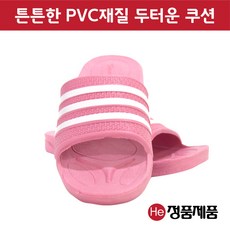 씨네뷰he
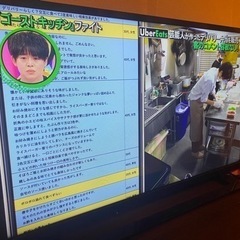 TOSHIBA液晶テレビ【美品】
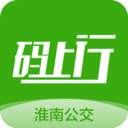 淮南码上行安卓版下载(淮南码上行app下载)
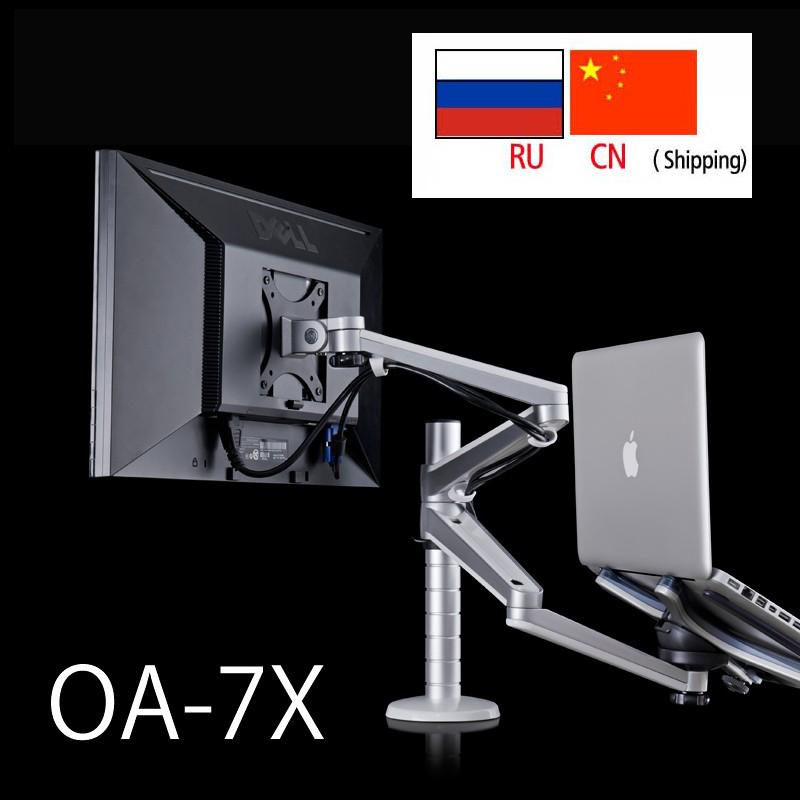 OA-7X Đa phương tiện máy tính để bàn dài 25 inch màn hình LCD có giá đỡ máy tính xách tay đứng Bảng đứng đầy đủ màn hình đôi MOUNT
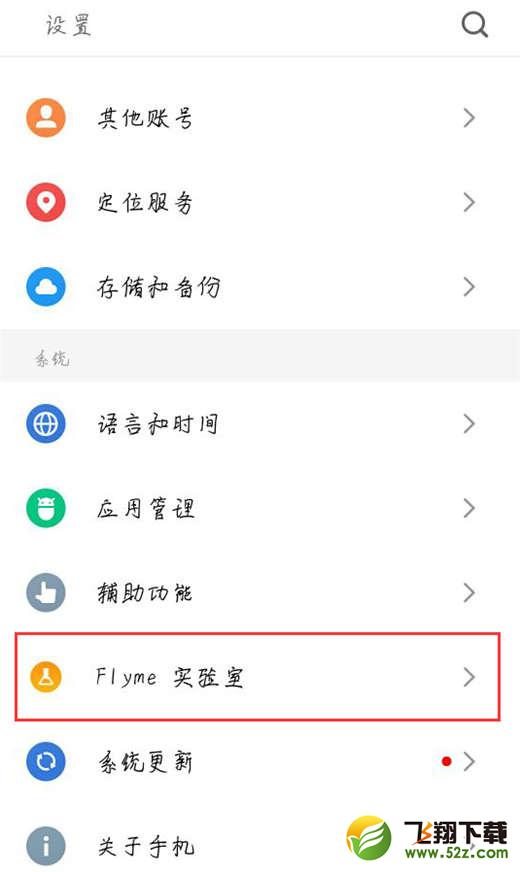 魅族15手机智能识屏使用方法教程_52z.com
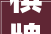 棋牌项目西部行  围棋大年夜师李翔宇走进江津综保小学 与师生互动交流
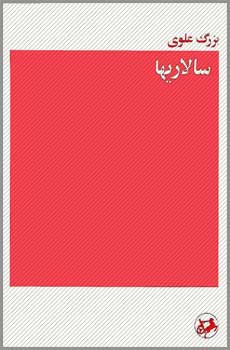 کتاب سالاریها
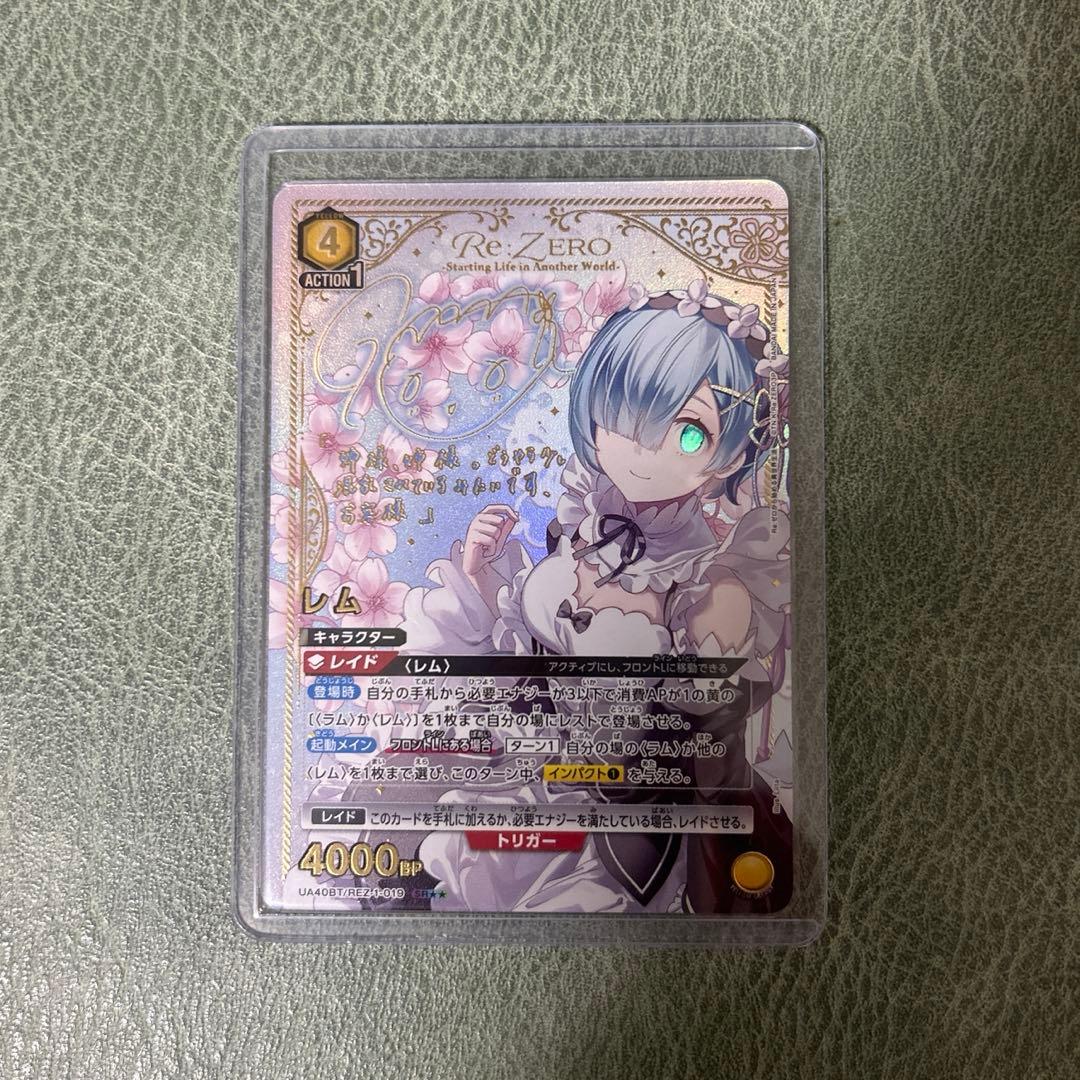 ユニアリ リゼロ レム SR★★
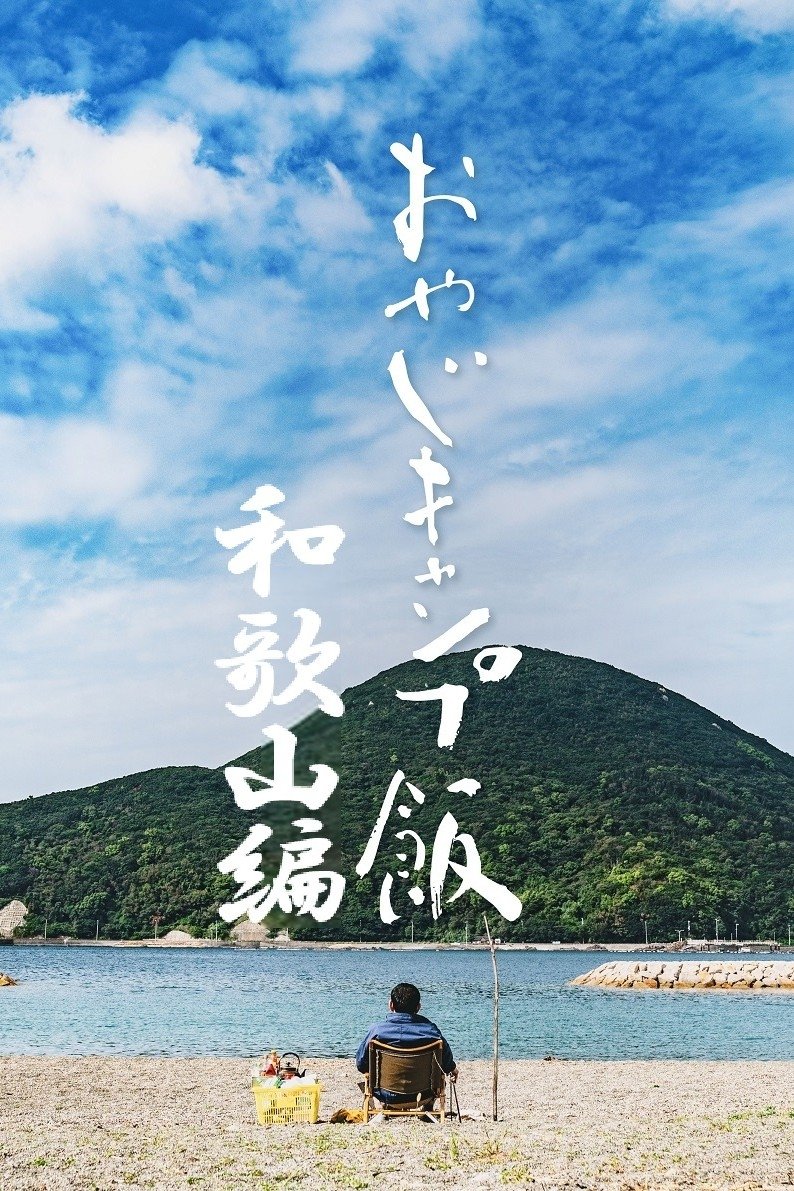 おやじキャンプ飯 - Season 2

┄┄┄┄┄┄

About this exercise :: Everything from the line containing "OA-7X Đa phương" through the last line of the entries must be repeated verbatim, except pictures.

Final answer ::
 OA-7X Đa phương tiện máy tính để bàn dài 25 inch màn hình LCD có giá đỡ máy tính xách tay đứng Bảng đứng đầy đủ màn hình đôi MOUNT
 魅族15手机智能识屏使用方法教程_52z.com
 棋牌项目西部行  围棋大年夜师李翔宇走进江津综保小学 与师生互动交流
 کتاب سالاریها
 ユニアリ リゼロ レム SR★★
 おやじキャンプ飯 - Season 2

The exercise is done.